(What is being asked):
Would you transcribe the whole listing exactly and drop its images?

(Supplied information):
* * * * * * * * *

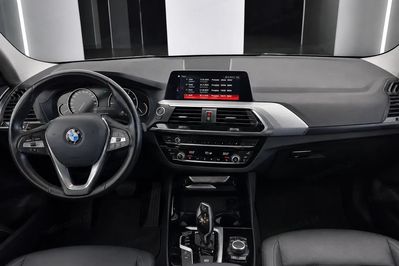BMW X3 xDrive20d aut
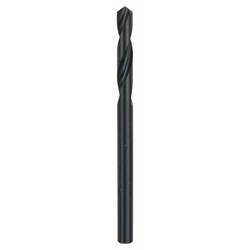 Bosch Accessories 2608597236 HSS kovový spirálový vrták, 4.5 mm, délka 58 mm, válcované za tepla, DIN 1897, válcová stopka, 10 ks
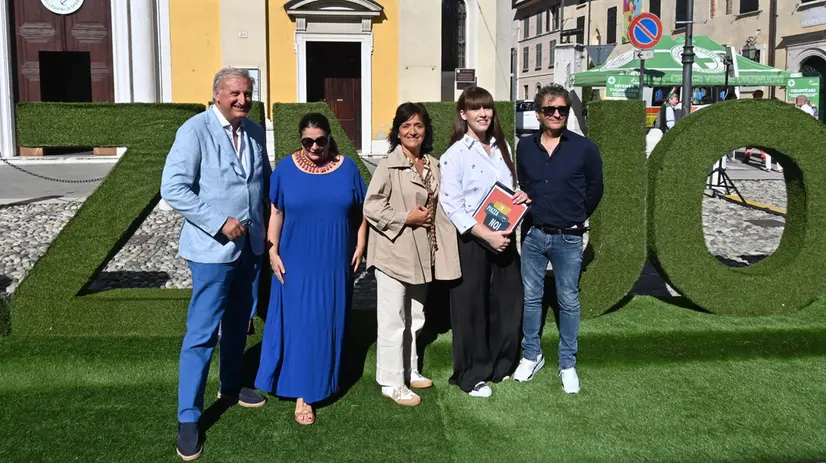 Tutto pronto per la nuova puntata della trasmissione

* * * * * * * * *

(Reply):
BMW X3 xDrive20d aut
 Bosch Accessories 2608597236 HSS kovový spirálový vrták, 4.5 mm, délka 58 mm, válcované za tepla, DIN 1897, válcová stopka, 10 ks
 Tutto pronto per la nuova puntata della trasmissione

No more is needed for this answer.